3) Did the trial judge’s instruction on counts 1 and 3 compromise the requirement of jury unanimity?
[26] Mr. Sandhu’s final submission begins from the premise that, to be guilty of assault or sexual assault, all 12 jurors had to find him guilty of at least one of the incidents in each count. The trial judge, however, instructed the jury that, though Ms. Sandhu testified to more than one incident of assault (and sexual assault), the Crown is only required to prove one assault (and sexual assault) beyond a reasonable doubt:
Now, as I have read to you count one charge is the offence of assault. Though Ms. Sandhu gave evidence of more than one incident of assault, the Crown is only required to prove one assault beyond a reasonable doubt on count one. For you to find Harpreet Sandhu guilty of assault, Crown counsel must prove each of these three essential elements beyond a reasonable doubt:
That Harpreet Sandhu intentionally applied force to Lavaleet Sandhu.

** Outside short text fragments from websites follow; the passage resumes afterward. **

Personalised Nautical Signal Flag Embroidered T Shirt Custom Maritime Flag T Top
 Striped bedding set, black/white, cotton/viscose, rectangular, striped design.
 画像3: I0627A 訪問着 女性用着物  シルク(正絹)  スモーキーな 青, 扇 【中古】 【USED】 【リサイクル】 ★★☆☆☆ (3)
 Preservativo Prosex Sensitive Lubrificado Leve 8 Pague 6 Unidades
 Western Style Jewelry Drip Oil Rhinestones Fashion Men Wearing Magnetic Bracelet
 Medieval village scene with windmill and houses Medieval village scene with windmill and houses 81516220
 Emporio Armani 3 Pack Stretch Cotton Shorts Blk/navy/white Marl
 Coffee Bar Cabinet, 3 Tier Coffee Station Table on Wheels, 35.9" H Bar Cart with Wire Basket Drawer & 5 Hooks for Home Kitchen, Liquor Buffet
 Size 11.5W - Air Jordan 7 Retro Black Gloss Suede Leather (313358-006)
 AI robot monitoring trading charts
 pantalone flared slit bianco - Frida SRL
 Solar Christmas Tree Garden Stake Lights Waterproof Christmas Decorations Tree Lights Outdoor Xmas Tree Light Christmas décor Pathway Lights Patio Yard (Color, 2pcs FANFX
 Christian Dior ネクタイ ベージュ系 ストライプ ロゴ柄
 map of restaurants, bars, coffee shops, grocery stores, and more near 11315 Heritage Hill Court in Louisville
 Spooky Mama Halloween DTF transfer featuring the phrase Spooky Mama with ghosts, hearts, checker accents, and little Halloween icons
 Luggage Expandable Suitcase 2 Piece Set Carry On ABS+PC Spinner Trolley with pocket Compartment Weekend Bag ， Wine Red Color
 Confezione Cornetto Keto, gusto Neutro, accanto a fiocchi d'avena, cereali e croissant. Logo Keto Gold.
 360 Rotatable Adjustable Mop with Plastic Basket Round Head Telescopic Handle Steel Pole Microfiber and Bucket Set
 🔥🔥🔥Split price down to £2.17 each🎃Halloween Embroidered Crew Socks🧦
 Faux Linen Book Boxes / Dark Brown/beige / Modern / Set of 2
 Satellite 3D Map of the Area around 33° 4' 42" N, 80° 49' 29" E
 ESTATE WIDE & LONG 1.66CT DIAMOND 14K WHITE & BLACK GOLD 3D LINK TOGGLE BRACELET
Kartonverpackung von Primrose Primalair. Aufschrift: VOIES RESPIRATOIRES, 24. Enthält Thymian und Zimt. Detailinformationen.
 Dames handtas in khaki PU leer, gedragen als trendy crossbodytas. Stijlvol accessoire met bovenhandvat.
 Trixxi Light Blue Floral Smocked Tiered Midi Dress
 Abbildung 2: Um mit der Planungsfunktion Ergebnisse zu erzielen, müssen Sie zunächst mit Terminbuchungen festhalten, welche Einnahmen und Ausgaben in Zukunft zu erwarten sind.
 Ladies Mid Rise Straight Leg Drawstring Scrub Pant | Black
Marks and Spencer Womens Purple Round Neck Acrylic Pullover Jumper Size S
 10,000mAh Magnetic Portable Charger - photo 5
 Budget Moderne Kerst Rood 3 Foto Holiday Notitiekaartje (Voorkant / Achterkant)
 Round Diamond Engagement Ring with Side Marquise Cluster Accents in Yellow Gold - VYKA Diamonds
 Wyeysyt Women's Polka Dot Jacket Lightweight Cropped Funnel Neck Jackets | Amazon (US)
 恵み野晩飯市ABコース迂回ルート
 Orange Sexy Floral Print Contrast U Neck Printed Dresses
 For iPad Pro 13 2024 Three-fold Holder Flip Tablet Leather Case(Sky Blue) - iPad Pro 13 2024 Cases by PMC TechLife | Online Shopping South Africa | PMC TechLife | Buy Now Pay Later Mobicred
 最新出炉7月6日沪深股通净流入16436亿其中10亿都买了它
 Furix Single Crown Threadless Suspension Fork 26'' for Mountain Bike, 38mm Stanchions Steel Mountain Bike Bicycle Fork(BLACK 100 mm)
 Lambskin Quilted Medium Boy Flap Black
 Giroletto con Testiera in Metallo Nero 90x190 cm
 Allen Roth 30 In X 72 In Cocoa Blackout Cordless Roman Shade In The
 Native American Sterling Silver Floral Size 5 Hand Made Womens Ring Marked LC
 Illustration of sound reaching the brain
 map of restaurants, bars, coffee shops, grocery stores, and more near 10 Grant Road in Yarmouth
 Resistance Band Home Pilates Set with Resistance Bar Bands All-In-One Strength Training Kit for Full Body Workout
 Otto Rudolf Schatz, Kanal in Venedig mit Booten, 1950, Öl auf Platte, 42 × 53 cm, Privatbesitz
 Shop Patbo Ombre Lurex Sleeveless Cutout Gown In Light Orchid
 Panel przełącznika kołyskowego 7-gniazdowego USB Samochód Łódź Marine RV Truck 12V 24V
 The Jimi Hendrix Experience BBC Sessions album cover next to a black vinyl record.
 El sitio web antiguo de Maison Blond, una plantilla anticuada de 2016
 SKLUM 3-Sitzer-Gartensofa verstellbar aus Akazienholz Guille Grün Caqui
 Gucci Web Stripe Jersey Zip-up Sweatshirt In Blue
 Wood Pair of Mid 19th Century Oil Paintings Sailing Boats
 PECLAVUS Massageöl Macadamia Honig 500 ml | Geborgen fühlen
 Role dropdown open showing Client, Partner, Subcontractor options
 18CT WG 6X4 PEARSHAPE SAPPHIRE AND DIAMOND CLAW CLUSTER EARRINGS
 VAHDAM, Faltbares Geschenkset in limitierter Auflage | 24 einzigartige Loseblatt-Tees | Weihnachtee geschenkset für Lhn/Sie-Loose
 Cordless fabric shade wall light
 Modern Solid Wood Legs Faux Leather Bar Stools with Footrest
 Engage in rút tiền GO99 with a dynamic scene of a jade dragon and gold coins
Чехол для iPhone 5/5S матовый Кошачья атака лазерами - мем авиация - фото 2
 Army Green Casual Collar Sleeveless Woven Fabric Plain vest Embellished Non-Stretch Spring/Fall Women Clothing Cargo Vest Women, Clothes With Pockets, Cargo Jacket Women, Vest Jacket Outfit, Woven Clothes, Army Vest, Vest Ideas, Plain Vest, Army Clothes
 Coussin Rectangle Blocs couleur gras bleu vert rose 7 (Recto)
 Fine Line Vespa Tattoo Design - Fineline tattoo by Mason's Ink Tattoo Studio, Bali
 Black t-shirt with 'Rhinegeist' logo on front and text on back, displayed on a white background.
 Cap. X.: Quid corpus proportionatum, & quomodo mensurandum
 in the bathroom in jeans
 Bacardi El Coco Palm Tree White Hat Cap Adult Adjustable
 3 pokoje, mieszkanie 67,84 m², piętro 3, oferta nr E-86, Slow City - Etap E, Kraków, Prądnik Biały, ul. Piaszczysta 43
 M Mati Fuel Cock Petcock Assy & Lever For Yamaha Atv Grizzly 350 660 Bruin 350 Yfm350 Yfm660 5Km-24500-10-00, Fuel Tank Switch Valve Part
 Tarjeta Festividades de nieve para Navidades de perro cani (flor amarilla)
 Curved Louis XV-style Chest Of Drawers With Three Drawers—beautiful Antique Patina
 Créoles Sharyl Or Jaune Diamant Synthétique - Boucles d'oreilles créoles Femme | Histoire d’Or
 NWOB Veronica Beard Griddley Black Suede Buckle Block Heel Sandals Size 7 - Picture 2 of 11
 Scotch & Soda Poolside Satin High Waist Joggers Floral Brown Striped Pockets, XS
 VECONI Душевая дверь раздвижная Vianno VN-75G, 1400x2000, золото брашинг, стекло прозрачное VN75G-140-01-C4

That Lavaleet Sandhu did not consent to the force that Harpreet Sandhu intentionally applied, and
That Harpreet Sandhu knew that Lavaleet Sandhu did not consent to the force that Harpreet Sandhu applied intentionally.
If Crown counsel has not satisfied you beyond a reasonable doubt of each of these essential elements, you must find Harpreet Sandhu not guilty of assault.
[27] Mr. Sandhu submits that this instruction is wrong because it gives rise to the risk that a guilty verdict on, for example, the assault charge “was based on a collection of individual juror determinations that did not contain a single instance of unanimity in respect of any of the four charged factual incidents.” In other words, Mr. Sandhu could be found guilty of assault if three jurors found him guilty on the first incident, three on the second incident, three on the third incident and three on the fourth incident of assault. Such a risk, Mr. Sandhu contends, compromises the requirement of jury unanimity. To avoid this risk, he submits that the jury should have been told that they had to be unanimous on at least one of the incidents.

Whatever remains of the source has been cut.